Spark REST API, submit application NullPointerException on Windows - windows

I used my PC as the Spark Server and at the same time as the Spark Worker, using Spark 2.3.1.
At first, I used my Ubuntu 16.04 LTS.
Everything works fine, I tried to run the SparkPi example (using spark-submit and spark-shell)and it is able to run without problem.
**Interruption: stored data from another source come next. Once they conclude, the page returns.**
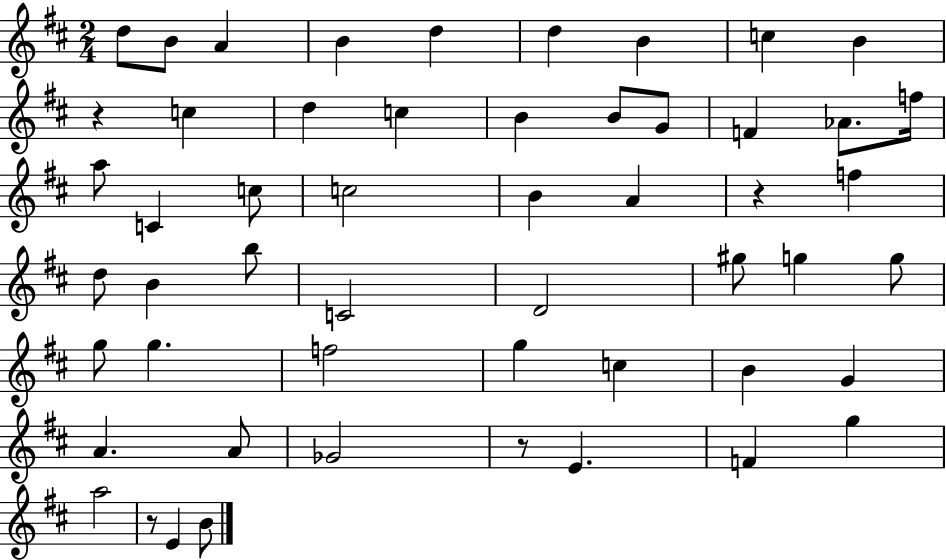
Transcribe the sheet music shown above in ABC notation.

X:1
T:Untitled
M:2/4
L:1/4
K:D
d/2 B/2 A B d d B c B z c d c B B/2 G/2 F _A/2 f/4 a/2 C c/2 c2 B A z f d/2 B b/2 C2 D2 ^g/2 g g/2 g/2 g f2 g c B G A A/2 _G2 z/2 E F g a2 z/2 E B/2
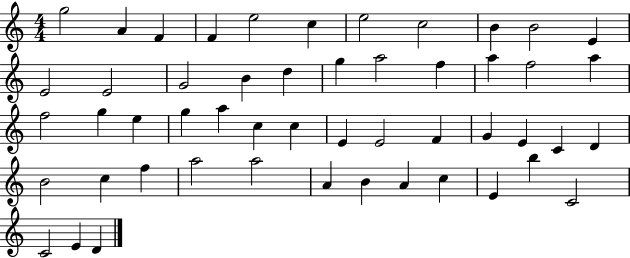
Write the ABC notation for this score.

I also try to run it using REST API from Spark, with this POST string:
curl -X POST http://192.168.1.107:6066/v1/submissions/create --header "Content-Type:application/json" --data '{
"action": "CreateSubmissionRequest",
"appResource": "file:/home/Workspace/Spark/spark-2.3.1-bin-hadoop2.7/examples/jars/spark-examples_2.11-2.3.1.jar",
"clientSparkVersion": "2.3.1",
"appArgs": [ "10" ],
"environmentVariables" : {
"SPARK_ENV_LOADED" : "1"
},
"mainClass": "org.apache.spark.examples.SparkPi",
"sparkProperties": {
"spark.jars": "file:/home/Workspace/Spark/spark-2.3.1-bin-hadoop2.7/examples/jars/spark-examples_2.11-2.3.1.jar",
"spark.driver.supervise":"false",
"spark.executor.memory": "512m",
"spark.driver.memory": "512m",
"spark.submit.deployMode":"cluster",
"spark.app.name": "SparkPi",
"spark.master": "spark://192.168.1.107:7077"
}
}'
After testing this and that, I have to move to Windows, since it is will be done on Windows anyway.
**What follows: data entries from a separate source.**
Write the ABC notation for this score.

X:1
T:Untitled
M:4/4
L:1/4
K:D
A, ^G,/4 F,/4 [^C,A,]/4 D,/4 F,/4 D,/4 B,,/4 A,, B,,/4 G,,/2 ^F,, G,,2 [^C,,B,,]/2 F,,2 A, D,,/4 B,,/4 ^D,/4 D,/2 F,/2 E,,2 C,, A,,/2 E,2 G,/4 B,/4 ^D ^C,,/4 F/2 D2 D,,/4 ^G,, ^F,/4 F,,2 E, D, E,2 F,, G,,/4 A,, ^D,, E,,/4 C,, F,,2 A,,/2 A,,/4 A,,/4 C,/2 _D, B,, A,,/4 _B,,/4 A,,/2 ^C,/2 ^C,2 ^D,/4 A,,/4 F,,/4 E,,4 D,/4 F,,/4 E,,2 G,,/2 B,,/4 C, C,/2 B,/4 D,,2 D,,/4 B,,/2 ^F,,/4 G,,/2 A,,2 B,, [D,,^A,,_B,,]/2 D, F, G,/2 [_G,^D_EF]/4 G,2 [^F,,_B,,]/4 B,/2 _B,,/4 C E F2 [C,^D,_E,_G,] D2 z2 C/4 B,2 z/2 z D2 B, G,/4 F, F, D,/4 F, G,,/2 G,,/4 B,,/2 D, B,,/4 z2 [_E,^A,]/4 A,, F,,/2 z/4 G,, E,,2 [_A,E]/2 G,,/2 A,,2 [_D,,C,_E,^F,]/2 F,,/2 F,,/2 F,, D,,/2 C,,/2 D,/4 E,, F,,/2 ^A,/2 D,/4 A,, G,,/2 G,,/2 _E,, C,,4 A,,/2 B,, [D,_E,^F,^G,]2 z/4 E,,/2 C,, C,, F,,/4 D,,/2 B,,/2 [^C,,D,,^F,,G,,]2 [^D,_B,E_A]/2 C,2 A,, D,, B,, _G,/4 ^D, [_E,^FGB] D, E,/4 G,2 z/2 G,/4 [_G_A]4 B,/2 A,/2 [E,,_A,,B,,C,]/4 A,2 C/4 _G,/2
I able to run the server and worker (manually), add the winutils.exe, and run the SparkPi example also using spark-shell and spark-submit, everything able to run too.
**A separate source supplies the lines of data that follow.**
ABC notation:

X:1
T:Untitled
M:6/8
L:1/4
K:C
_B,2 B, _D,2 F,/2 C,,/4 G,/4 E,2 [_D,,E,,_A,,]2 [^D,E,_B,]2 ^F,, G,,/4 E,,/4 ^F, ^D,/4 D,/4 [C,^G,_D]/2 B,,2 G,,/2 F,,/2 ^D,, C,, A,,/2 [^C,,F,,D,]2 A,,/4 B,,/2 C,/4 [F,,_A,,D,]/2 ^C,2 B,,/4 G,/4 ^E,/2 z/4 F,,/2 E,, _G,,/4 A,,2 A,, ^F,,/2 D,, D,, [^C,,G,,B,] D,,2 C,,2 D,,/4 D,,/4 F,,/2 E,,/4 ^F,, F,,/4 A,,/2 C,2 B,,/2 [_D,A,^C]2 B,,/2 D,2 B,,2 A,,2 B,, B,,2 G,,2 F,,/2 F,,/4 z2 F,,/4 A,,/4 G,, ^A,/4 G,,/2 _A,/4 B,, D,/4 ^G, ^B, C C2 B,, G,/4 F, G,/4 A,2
The problem is when I used the REST API, using this POST string:
curl -X POST http://192.168.1.107:6066/v1/submissions/create --header "Content-Type:application/json" --data '{
"action": "CreateSubmissionRequest",
"appResource": "file:D:/Workspace/Spark/spark-2.3.1-bin-hadoop2.7/examples/jars/spark-examples_2.11-2.3.1.jar",
"clientSparkVersion": "2.3.1",
"appArgs": [ "10" ],
"environmentVariables" : {
"SPARK_ENV_LOADED" : "1"
},
"mainClass": "org.apache.spark.examples.SparkPi",
"sparkProperties": {
"spark.jars": "file:D:/Workspace/Spark/spark-2.3.1-bin-hadoop2.7/examples/jars/spark-examples_2.11-2.3.1.jar",
"spark.driver.supervise":"false",
"spark.executor.memory": "512m",
"spark.driver.memory": "512m",
"spark.submit.deployMode":"cluster",
"spark.app.name": "SparkPi",
"spark.master": "spark://192.168.1.107:7077"
}
}'
Only the path is a little different, but my worker always failed.
The logs said:
"Exception from the cluster: java.lang.NullPointerException
org.apache.spark.deploy.worker.DriverRunner.downloadUserJar(DriverRunner.scala:151)
org.apache.spark.deploy.worker.DriverRunner.prepareAndRunDriver(DriverRunner.scal173)
org.apache.spark.deploy.worker.DriverRunner$$anon$1.run(DriverRunner.scala:92)"
I searched but no solutions has come yet..

So, finally I found the cause.
I read the source from:
https://github.com/apache/spark/blob/master/core/src/main/scala/org/apache/spark/deploy/worker/DriverRunner.scala
From inspecting it, I conclude that the problem is not from Spark, but the parameter is not being read correctly. Which means somehow, I put wrong parameter format.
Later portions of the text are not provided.